Per questo “abbiamo presentato un pacchetto unitario” di proposte per la manovra “che costituiscono già un insieme di politiche economiche condivise con tutta la coalizione progressista presentatasi alle regionali. Penso che questi emendamenti” realizzati con “un lavoro di condivisione con le altre forze siano un’alternativa potente. E così, nei fatti, germoglia l’elaborazione di un governo comune. È il metodo giusto, senza rinunciare alle proprie diversità, alla propria sensibilità.

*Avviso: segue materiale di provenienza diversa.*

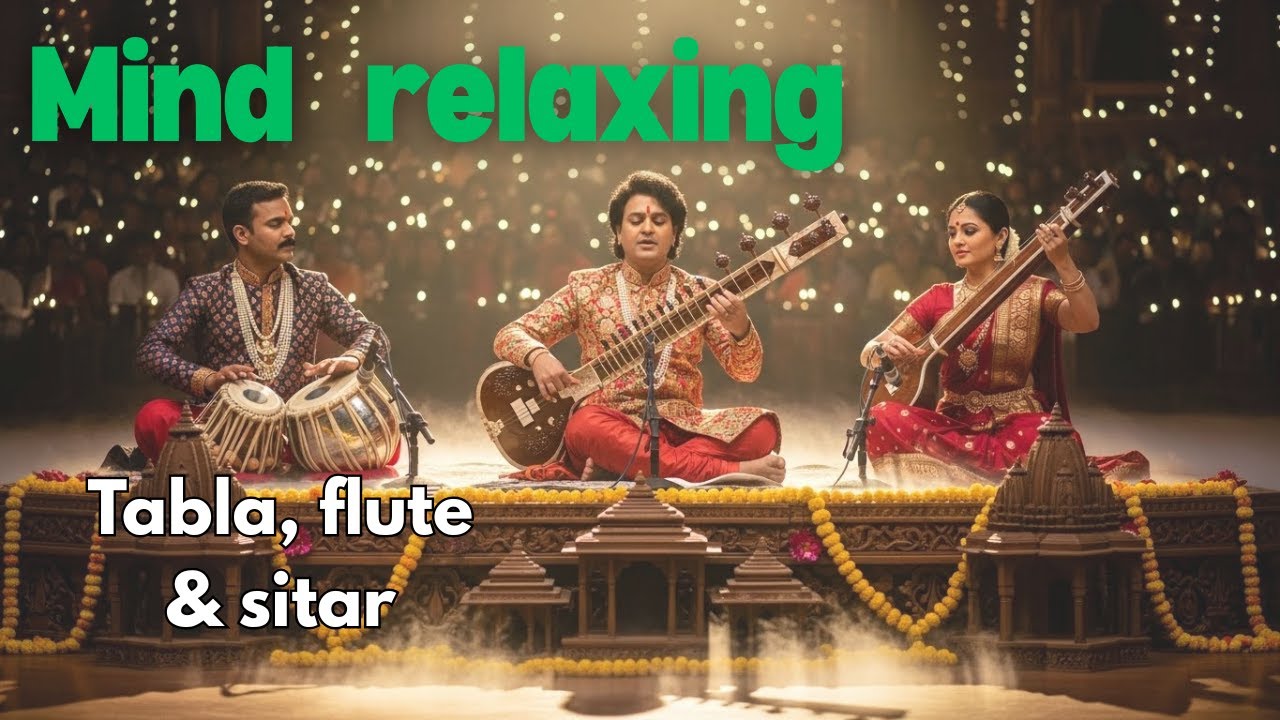 Soothing Sitar & Flute Music for Stress Relief | Indian Classical Instrumental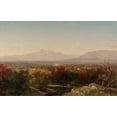 thumbnail image 2 of Kensett, John Frederick 24x17 White Modern Wood Framed Museum Art Print Titled - An October Day in the White Mountains, 2 of 4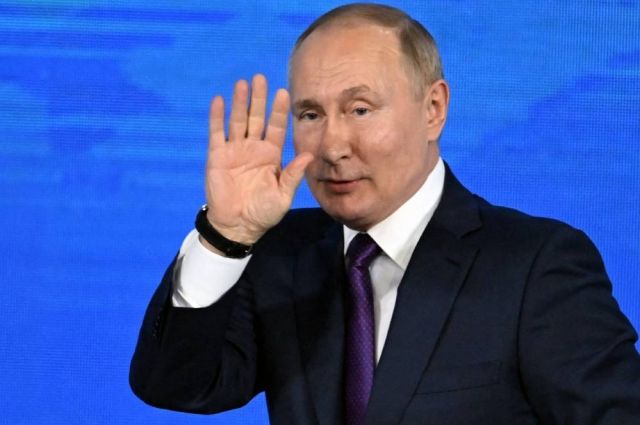 23 декабря 2021. Президент РФ Владимир Путин на большой ежегодной пресс-конференции в Центральном выставочном зале 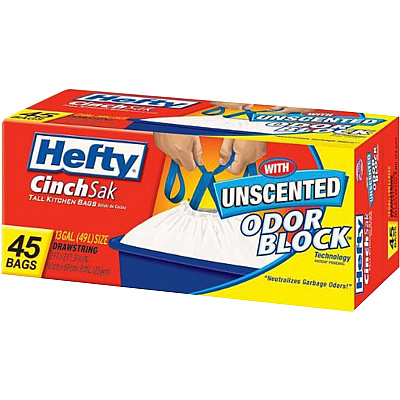 Hefty CinchSak 13-gallon Drawstring Bags (RFPE84572CT)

Uniti nella diversità abbiamo prodotto proposte condivise, indicando al Paese una visione alternativa, una strada diversa possibile, un’altra agenda politica, economica e sociale”, sottolinea Schlein, rilanciando l’alleanza di centrosinistra e rivendicando il ruolo del PD. “C’era chi scommetteva sulle divisioni nel nostro schieramento, invece non solo ci siamo, ma siamo competitivi e siamo la prima forza di opposizione. Il partito è più unito e solido che mai, è finito il tempo delle divisioni e dei litigi, continuerò a essere sempre la segretaria di tutto il partito”, conclude, annunciando “da gennaio un tour di ascolto dell’Italia sul programma”.
– foto Ipa Agency –
(ITALPRESS).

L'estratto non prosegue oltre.